Posted to issues@spark.apache.org by "Enrico Minack (Jira)" <ji...@apache.org> on 2023/01/24 12:17:00 UTC
[jira] [Updated] (SPARK-42168) CoGroup with window function returns incorrect result when partition keys differ in order
[ https://issues.apache.org/jira/browse/SPARK-42168?page=com.atlassian.jira.plugin.system.issuetabpanels:all-tabpanel ]
Enrico Minack updated SPARK-42168:
----------------------------------
Description:
The following example returns an incorrect result:
{code:java}
import pandas as pd
from pyspark.sql import SparkSession, Window
from pyspark.sql.functions import col, lit, sum
spark = SparkSession \
.builder \
.getOrCreate()
ids = 1000
days = 1000
parts = 10
id_df = spark.range(ids)
day_df = spark.range(days).withColumnRenamed("id", "day")
id_day_df = id_df.join(day_df)
left_df = id_day_df.select(col("id").alias("id"), col("day").alias("day"), lit("left").alias("side")).repartition(parts).cache()
right_df = id_day_df.select(col("id").alias("id"), col("day").alias("day"), lit("right").alias("side")).repartition(parts).cache() #.withColumnRenamed("id", "id2")
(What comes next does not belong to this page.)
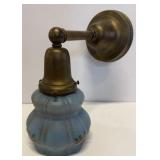 VTG BRASS WALL SCONCE W/FROSTED SHADE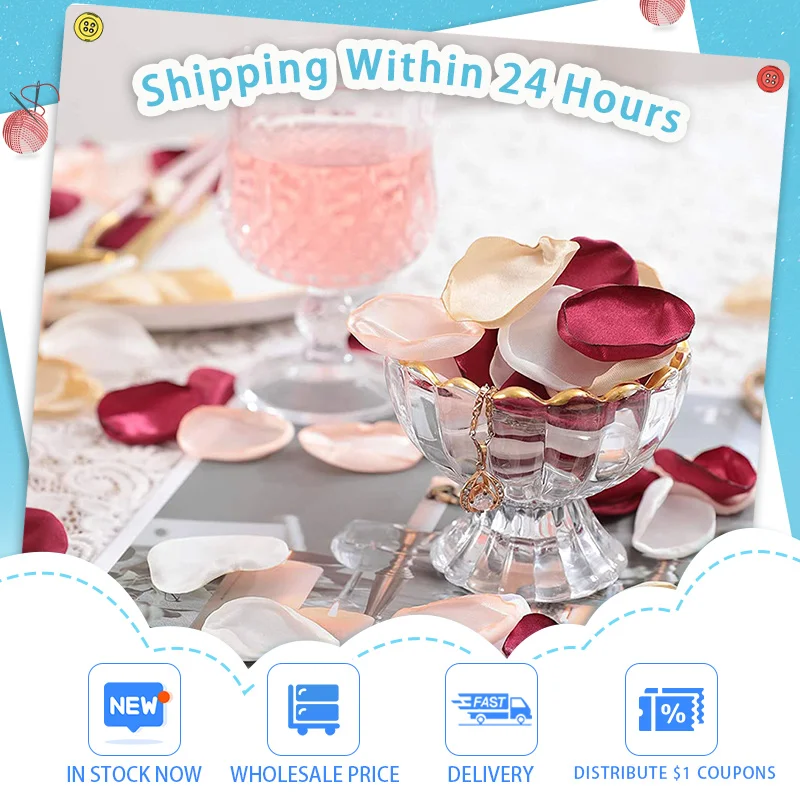 200/400pcs Petal Flowers Wedding Decoration Silk Rose Fabric Red White Petals HandMade 2023 Artificial Flower Marriage Valentine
# note the column order is different to the groupBy("id", "day") column order below
window = Window.partitionBy("day", "id")
left_grouped_df = left_df.groupBy("id", "day")
right_grouped_df = right_df.withColumn("day_sum", sum(col("day")).over(window)).groupBy("id", "day")
def cogroup(left: pd.DataFrame, right: pd.DataFrame) -> pd.DataFrame:
return pd.DataFrame([{
"id": left["id"][0] if not left.empty else (right["id"][0] if not right.empty else None),
"day": left["day"][0] if not left.empty else (right["day"][0] if not right.empty else None),
"lefts": len(left.index),
"rights": len(right.index)
}])
df = left_grouped_df.cogroup(right_grouped_df) \
.applyInPandas(cogroup, schema="id long, day long, lefts integer, rights integer")
df.explain()
df.show(5)
{code}
Output is
{code}
== Physical Plan ==
AdaptiveSparkPlan isFinalPlan=false
+- FlatMapCoGroupsInPandas [id#8L, day#9L], [id#29L, day#30L], cogroup(id#8L, day#9L, side#10, id#29L, day#30L, side#31, day_sum#54L), [id#64L, day#65L, lefts#66, rights#67]
:- Sort [id#8L ASC NULLS FIRST, day#9L ASC NULLS FIRST], false, 0
: +- Exchange hashpartitioning(id#8L, day#9L, 200), ENSURE_REQUIREMENTS, [plan_id=117]
: +- ...
+- Sort [id#29L ASC NULLS FIRST, day#30L ASC NULLS FIRST], false, 0
+- Project [id#29L, day#30L, id#29L, day#30L, side#31, day_sum#54L]
+- Window [sum(day#30L) windowspecdefinition(day#30L, id#29L, specifiedwindowframe(RowFrame, unboundedpreceding$(), unboundedfollowing$())) AS day_sum#54L], [day#30L, id#29L]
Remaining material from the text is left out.